Prove that $a_{n+1} = 2a_n$ for all integers n≥1. Prove that $a_n = 2^{n−1}$ for n≥1.

Question

Define a sequence $a_0, a_1, \dots$ in the following way. Put $a_0 = 1$. For each n≥1 define $$ a_n = a_0 +a_1 + \dots + a_{n−1}. $$

(a) Prove that $a_{n+1} = 2a_n$ for all integers n≥1.

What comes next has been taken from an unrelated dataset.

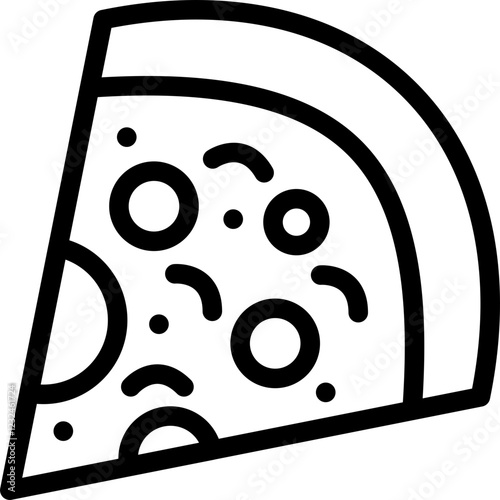 Pizza Icon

(b) Prove that $a_n = 2^{n−1}$ for n≥1.

Answer 1

Part $a:$ $$a_n = (a_0 +a_1 + \dots + a_{n−1}) \\\text{now add $a_n$ to both sides} \\ a_n+a_n = a_n + (a_0 +a_1 + \dots + a_{n−1})\\ 2a_n = a_0 +a_1 + \dots + a_{n−1}+ a_n \\ \to 2a_n = a_{n+1}$$

Part b:

$$\dfrac{a_{n}}{a_{n-1}}=2,\dfrac{a_{n-1}}{a_{n-2}}=2,...,\dfrac{a_{1}}{a_0}=2 \\ \text{now multiply all of them:}\\ \dfrac{a_{n}}{a_{n-1}} \cdot\dfrac{a_{n}}{a_{n-1}} ... \dfrac{a_{1}}{a_{0}} =2^{n-1} \\ \dfrac{a_n}{a_0}=2^{n-1}\\ \text {and } a_0=1 \\ \to a_n=2^{n-1}$$

Answer 2

Start with $a_n = a_1 + a_2... + a_{n-2} + a_{n-1}$ and $a_n = a_1 + a_2... + a_{n-2}$ use substitution to get $a_n = a_{n-1} + a_{n-1}$ and $a_n = 2 a_{n-1}$

this means that $a_2 = 2 a_1$. By using the recurrence relation to find that $a_3 = 4 a_1$, $a_4 = 8 a_1$, $a_5 = 16 a_1$ etc. the obvious pattern emerging is that $a_n = 2^{n-1} a_1$, and because $a_1 = 1$, $a_n = 2^{n-1}$